This past weekend in New York, the United Nations created a Facebook Live filter for World Humanitarian Day that let users overlay their real-time clips with augmented reality, particularly scrolling copy that told stories about civilians who have been affected by conflict. In Times Square, AR-enhanced videos aired on one of the iconic, commercial intersection’s large billboards. The endeavor was powered by Facebook’s 4-month-old AR system, dubbed Camera Effects Studio, which is getting the attention of brand marketers.
“For us, Facebook is an amazing platform to develop AR on because people are inherently using it already,” said Craig Elimeliah, managing director of creative technology at VML, the UN’s agency. “It includes Instagram as well. It includes Live and regular camera—so the sheer scale is unbelievable.”

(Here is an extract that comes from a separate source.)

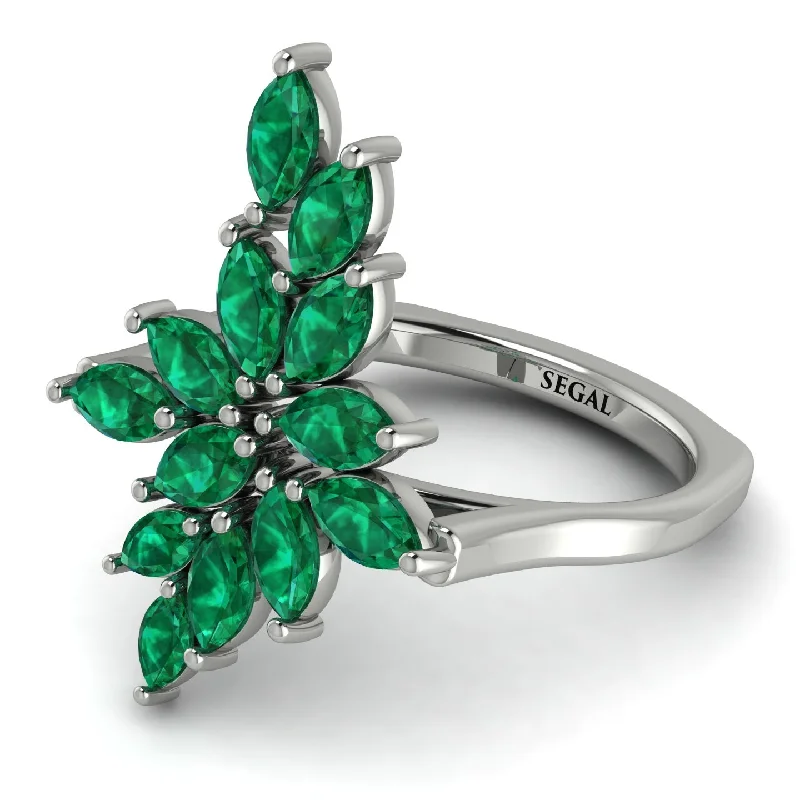 women's ring gold -Marquise Shape Emerald Galmorious Ring - Melanie No. 6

While AR is still exploratory territory for marketers and media companies, its pixelated push to the mainstream has gotten a series of boosts this year from some of the biggest digital players. Snapchat—with its wacky filters and other virtual overlays—has continued to be popular among teens (even if Wall Street doesn’t like its pace). Apple, which has long been seen as a potential AR game changer due to the popularity of its iPhone and iPad, seems primed to give AR the turbocharge it needs to attract older demographics. When the Cupertino, Calif.-based company releases its iOS 11 mobile operating system in September, hundreds of millions of Apple-device owners will have augmented reality at their fingertips with a set of features called ARKit.
“Apple and Facebook will make augmented reality an everyday reality,” said David Deal, a digital marketing consultant. “We’ll see plenty of hit and miss with AR as we did when Apple opened up the iPhone to app developers, but ultimately both Apple and Facebook are in the best position to steamroll Snapchat with AR.”
Ikea, which will be one of the first major brands on Apple’s AR platform at launch, is developing an app that allows customers to see what furniture and other household items would look like in a three-dimensional view inside their homes. Ikea also plans to introduce new products in the AR app before they hit store shelves.